Lets consider you want to predict the price of a pizza. So while predicting the price the variable that comes into your mind is the size of pizza. For now don’t consider other features like thickness of pizza and the type of pizza etc. Lets build a relation between size of pizza and the price of pizza using this dummy data.
Diameter Price 6 5.0 8 10.0 10 13.0 14 17.5 18 18.0
Lets visualize the data using using matplot.
import matplotlib.pyplot as plt
import seaborn as sns
sns.set()
plt.figure()
plt.title('Pizza price plotted against diameter')

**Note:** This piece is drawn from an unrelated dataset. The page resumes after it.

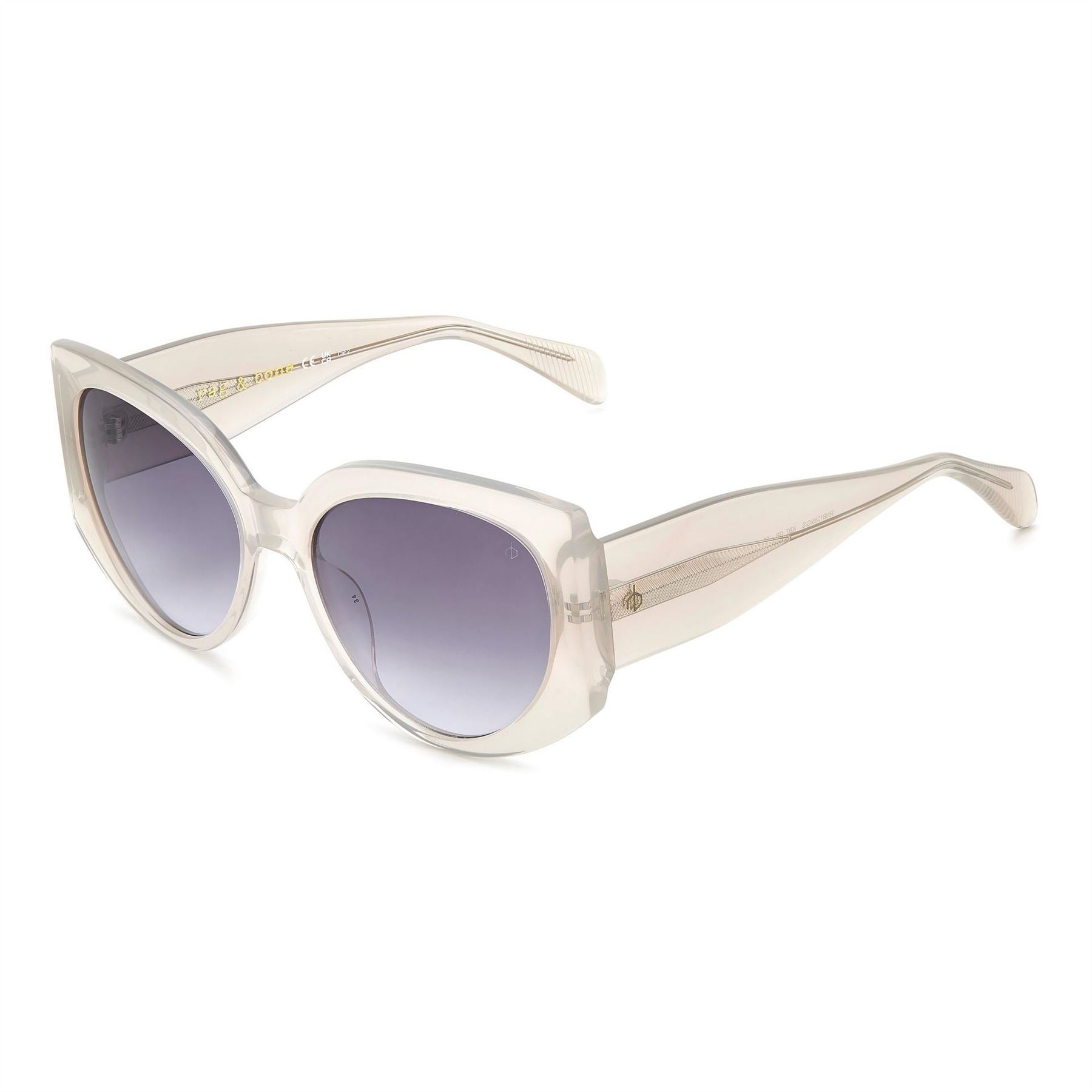 Rag and Bone Oval Sunglasses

plt.xlabel('Diameter in inches')
plt.ylabel('Price in dollars')
plt.plot(X, y, 'k.')
plt.axis([0, 25, 0, 25])
plt.grid(True)
plt.show()
We can see from the graph of the training data that there is a positive relationship between the diameter of a pizza and its price, which should be corroborated by our own pizza-eating experience. As the diameter of a pizza increases, its price generally increases too. The following pizza-price predictor program models this relationship using linear regression
Create and fit the model
from sklearn.linear_model import LinearRegression
model = LinearRegression()
model.fit(X, y)
LinearRegression(copy_X=True, fit_intercept=True, n_jobs=None, normalize=False)
x_test = [[3],[20]]
pred = model.predict(x_test)
print('prediction:\n{}'.format(pred))
prediction:
[[ 4.05818966]
[21.97413793]]
plt.figure()
plt.title('Pizza price plotted against diameter')
plt.xlabel('Diameter in inches')
plt.ylabel('Price in dollars')
plt.scatter(X, y)
plt.plot(x_test, pred)
plt.axis([0, 25, 0, 25])
plt.grid(True)
plt.show()
The fit method of LinearRegression learns the parameters of the following model for simple linear regression: ` y = a + bx`
Ordinary Least Square From the above equation we can see that to calulate the linear regression we need to calculate the value of two variable a and b.
This can be solve by calculating the variance and co-variance of the x and y.
a and b can be calculated using :
a = cov(x,y) / var(x,y)
now we can calucate b easily.
Using above data:
xbar = (6 + 8 + 10 + 14 + 18) / 5
variance = ((6 - xbar)**2 + (8 - xbar)**2 + (10 - xbar)**2 + (14 -xbar)**2 + (18 - xbar)**2) / 4
print(variance)
23.2
import numpy as np
np.var([6, 8, 10, 14, 18], ddof=1)
xbar = (6 + 8 + 10 + 14 + 18) / 5
ybar = (7 + 9 + 13 + 17.5 + 18) / 5
cov = ((6 - xbar) * (7 - ybar) + (8 - xbar) * (9 - ybar) + (10 -xbar) * (13 - ybar) +
(14 - xbar) * (17.5 - ybar) + (18 - xbar) * (18 - ybar)) /4
print(cov)
22.65
beta = 22.65 /23.2
print(beta)
0.9762931034482758
alpha = ybar - beta*xbar
print(alpha)
1.9655172413793114